Draft Registries Requirements for Cambridge Meeting

Mark G.Allen allen at newb6.u-strasbg.fr
Fri May 9 05:29:07 PDT 2003


Hi Everyone,

Here is the draft Registries Requirements document intended as
a starting point for discussions at next week's Registries WG session
at the Cambridge interoperability meeting.

It tries to cover most of the current issues, with a very draft version
of the requirements, including the draft NVO registries requirements
and use cases.  Discussion in Cambridge should fill this out to
a proper draft requirements document.

It is included in full below, and is also available on
http://www.ivoa.net/twiki/bin/view/IVOA/IVOARegWp02


-Mark.

-------------------------------

Mark G. Allen
Observatoire de Strasbourg
11 Rue de l'Universite
Strasbourg 67000
FRANCE

email: allen at astro.u-strasbg.fr
phone: +33 3 90 24 24 87
fax:   +33 3 90 24 24 17
-------------------------------


Rwp02 Toward Registry Requirements
===================================
May 09, 2003.


Intro
------
The Registry kick-off meeting, London 19-20, 2003 set up a
number of working groups for development of IVOA registries.

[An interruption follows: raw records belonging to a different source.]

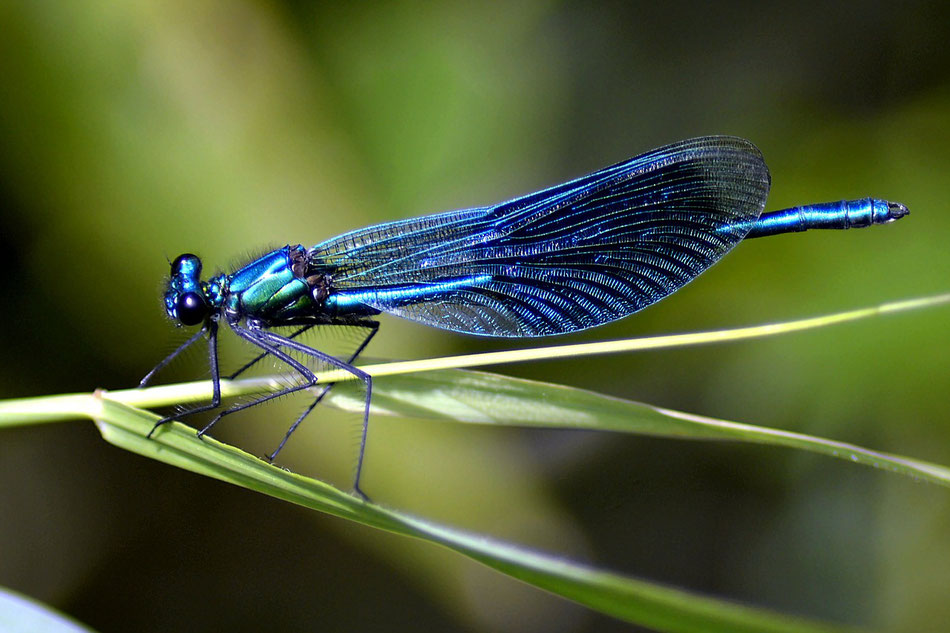 Plusieurs espèces de libellules pourront être observées à Saint-Magne./Photo d'illustration Pixabay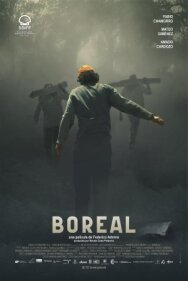 Полярное сияние постер к фильму смотреть онлайн на HD Rezka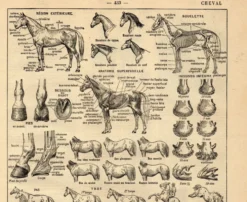 Gravure ancienne de 1923 - Anatomie et races du cheval par A. Millot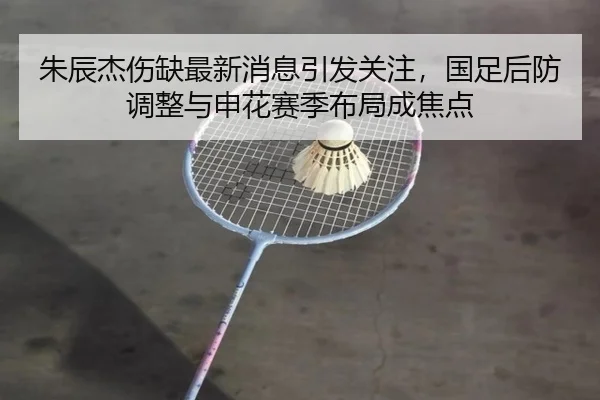 朱辰杰伤缺最新消息引发关注，国足后防调整与申花赛季布局成焦点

Rwp02 - Requirements, Science Cases, Use Cases, Test Cases
has the charter to focus on science case scenarios, and use cases
related specifically to VO registries. In particular, to develop
use cases which will help define requirements for VO registries.
( webpage: http://www.ivoa.net/twiki/bin/view/IVOA/IVOARegWp02 )

This document represents the current status of Rwp02, including:

+ Work Plan
+ Scope
+ Working Conceptual Definition of a Registry for Science,
+ Broad Operational Requirements
+ Key Science Case Candidates
+ Requirements Imposed by Science Cases
+ Use Cases extracted from Science Cases

The intention is that this draft provides a starting point for
discussion at the Registry Working Group session at the Cambridge
Interoperability Meeting, May 12-16, 2003.
( Registry WG session is Wed, May 14, 0900-1300, 1400-1700)


Work Plan
---------

- Define Scope draft v0.1 11 April        - posted to IVOARegWp02
- Key Science Cases draft v0.1 11 April   - posted to IVOARegWp02
  ( includes a brief review of VO
    Science Cases in relation to
    registries )

- Use Cases draft v0.1 25 April           - not done
- Requirements draft v0.1 09  May         - this draft document

(Cambridge Meeting May12 -16)

- Requirements drafts v0.2 28 June
  Science Cases
  Use Cases
  Test cases


 Scope of Work Package
----------------------
1. Identify Key Science Cases to be used as drivers for defining
   registry requirements. These should be illustrative of the range
   of requests that may be sent to a regsistry.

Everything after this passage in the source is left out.